> [Task directions] Could you retype exactly the lines below between the one holding "6060 Piney Woods Ct, Alexandria, VA 22315" and the one holding "윤석열 대통령과 페드로", inclusive, leaving out any pictures?

> [Records for this exercise]
((

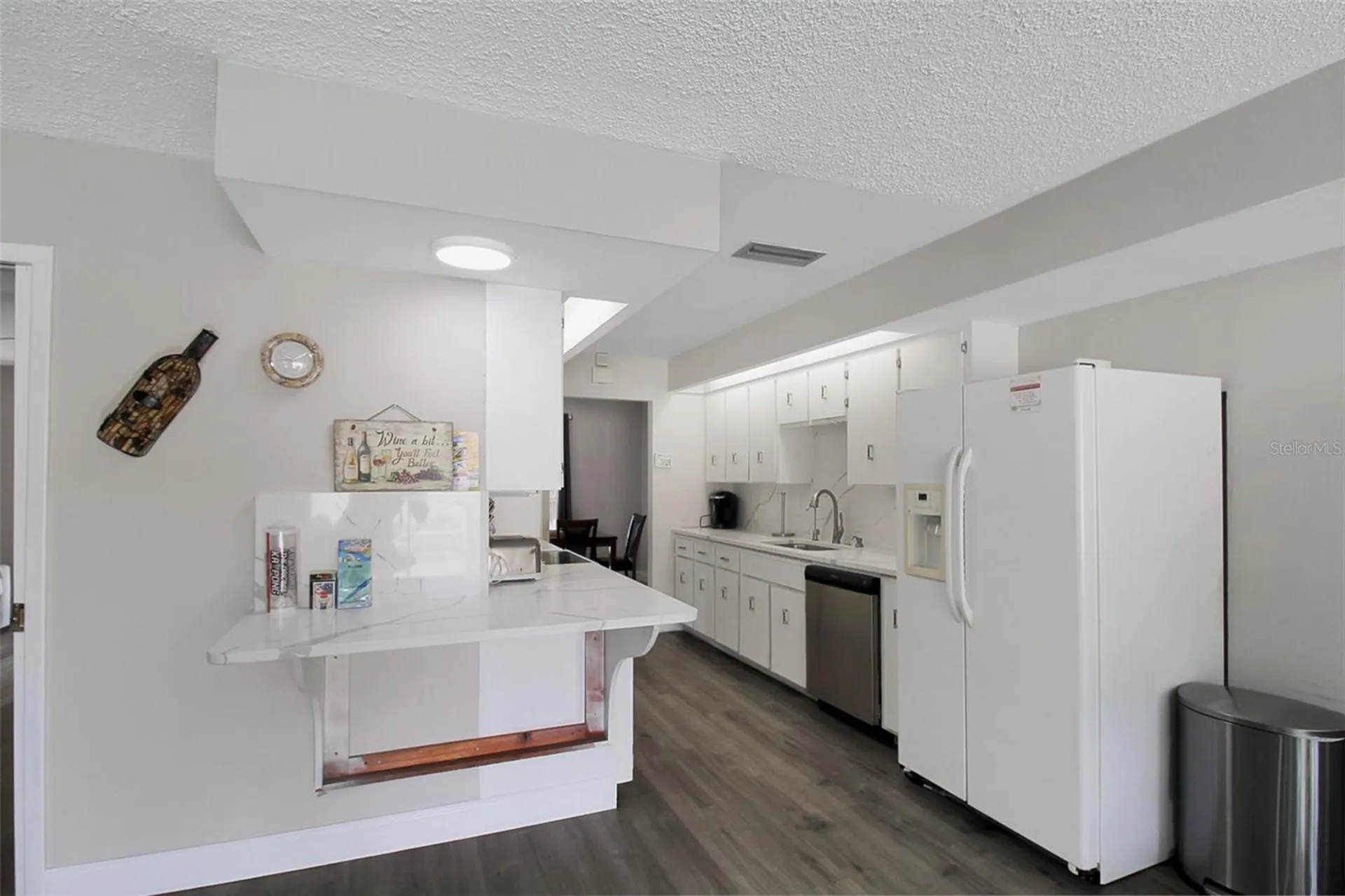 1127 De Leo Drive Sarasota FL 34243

))
((

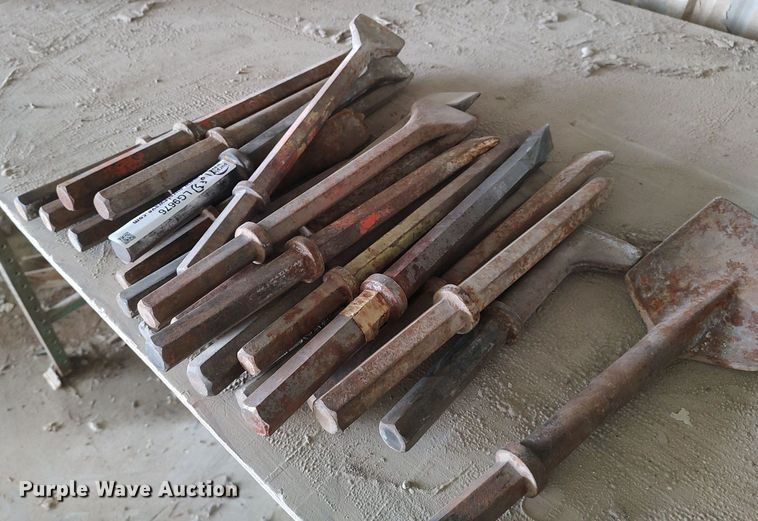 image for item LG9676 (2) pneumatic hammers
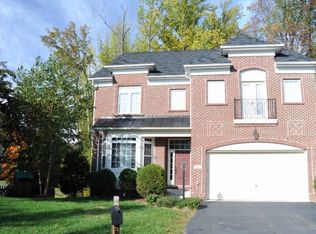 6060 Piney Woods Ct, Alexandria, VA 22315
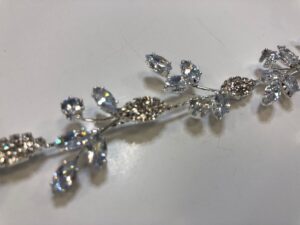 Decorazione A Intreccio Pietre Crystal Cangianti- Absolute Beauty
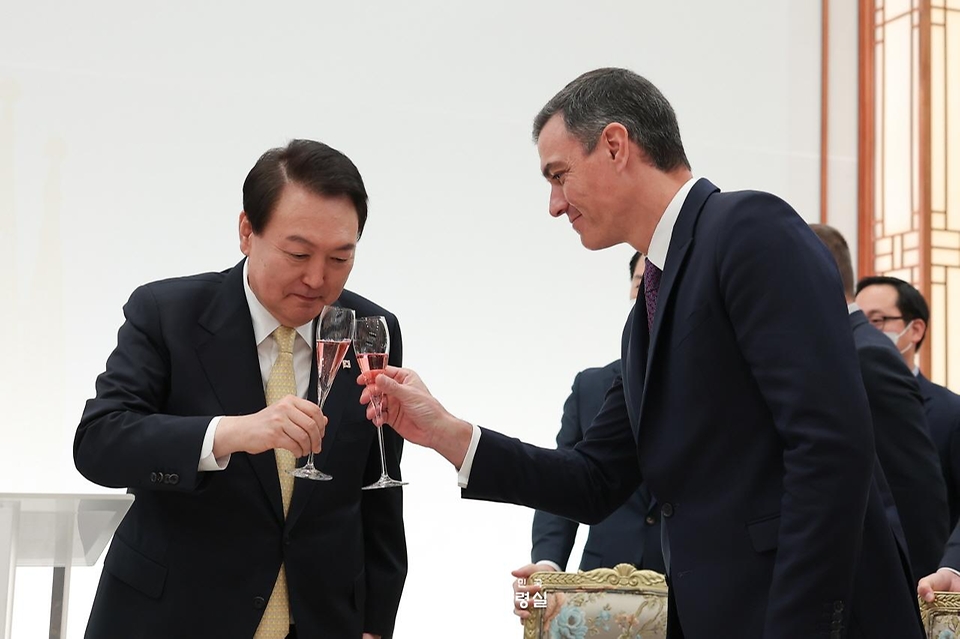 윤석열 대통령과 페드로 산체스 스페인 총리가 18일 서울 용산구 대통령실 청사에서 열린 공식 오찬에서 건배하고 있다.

))
((

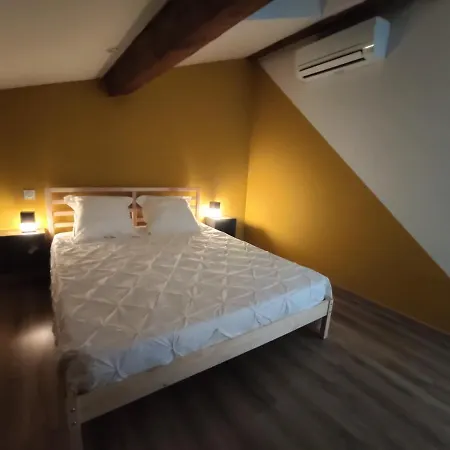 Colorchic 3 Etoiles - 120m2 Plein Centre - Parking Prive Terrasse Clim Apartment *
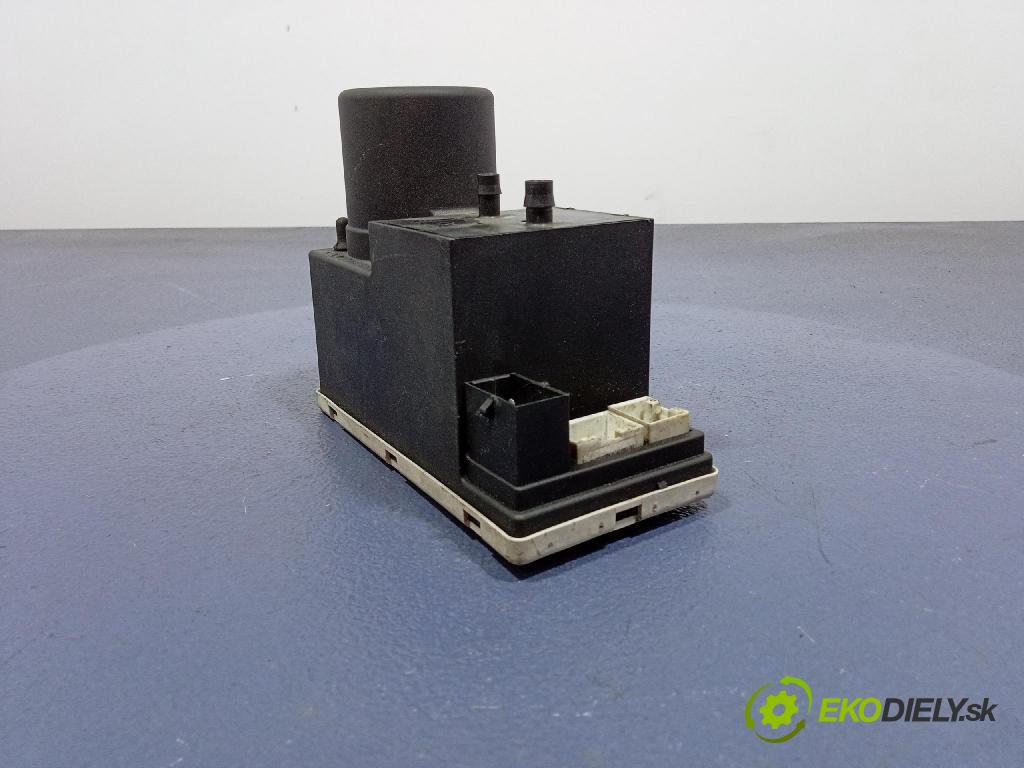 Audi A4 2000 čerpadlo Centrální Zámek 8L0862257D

))

> [Answer for the task]
 6060 Piney Woods Ct, Alexandria, VA 22315
 Decorazione A Intreccio Pietre Crystal Cangianti- Absolute Beauty
 윤석열 대통령과 페드로 산체스 스페인 총리가 18일 서울 용산구 대통령실 청사에서 열린 공식 오찬에서 건배하고 있다.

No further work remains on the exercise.